Problem to solve: All that is wanted is the exact text of the lines below from the one with "Hazera Khatun, right, with" through the one with "view of property", inclusive, minus any pictures.

Entries shown:

___

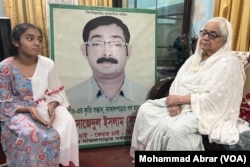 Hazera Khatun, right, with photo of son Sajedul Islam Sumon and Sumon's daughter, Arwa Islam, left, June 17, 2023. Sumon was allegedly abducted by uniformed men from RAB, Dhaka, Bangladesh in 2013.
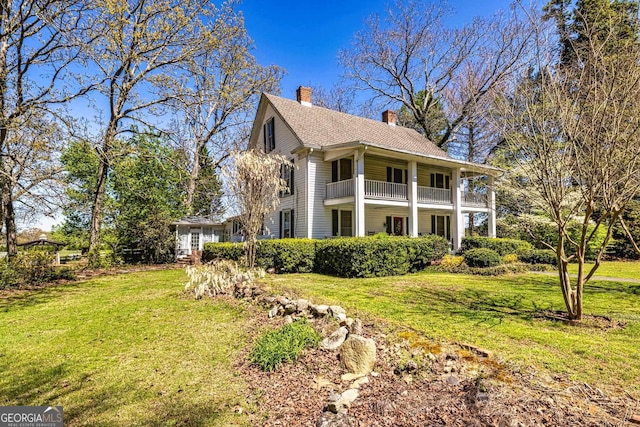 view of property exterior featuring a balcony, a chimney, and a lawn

___

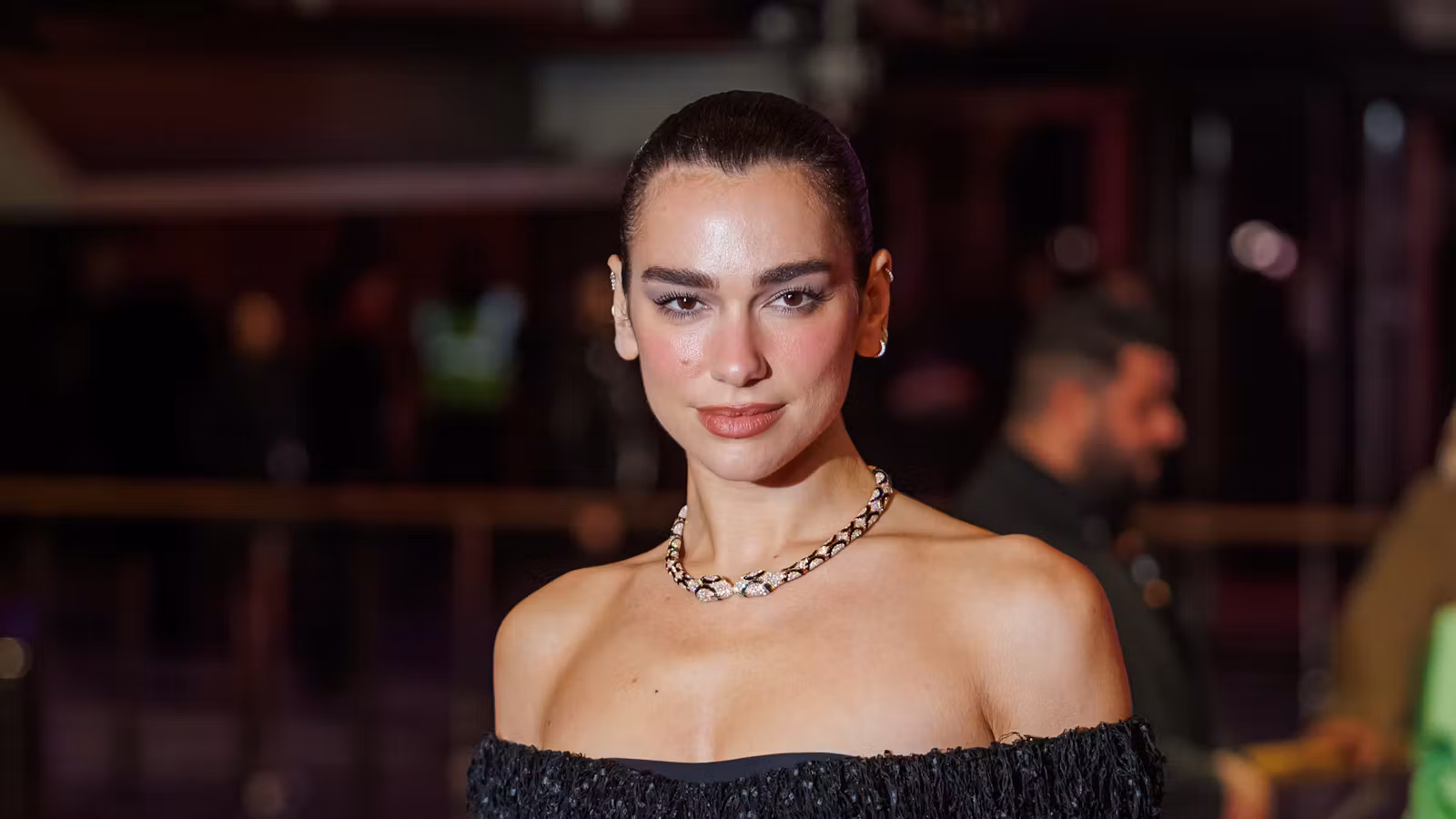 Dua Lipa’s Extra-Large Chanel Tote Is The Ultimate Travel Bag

___

Solved problem:
 Hazera Khatun, right, with photo of son Sajedul Islam Sumon and Sumon's daughter, Arwa Islam, left, June 17, 2023. Sumon was allegedly abducted by uniformed men from RAB, Dhaka, Bangladesh in 2013.
 view of property exterior featuring a balcony, a chimney, and a lawn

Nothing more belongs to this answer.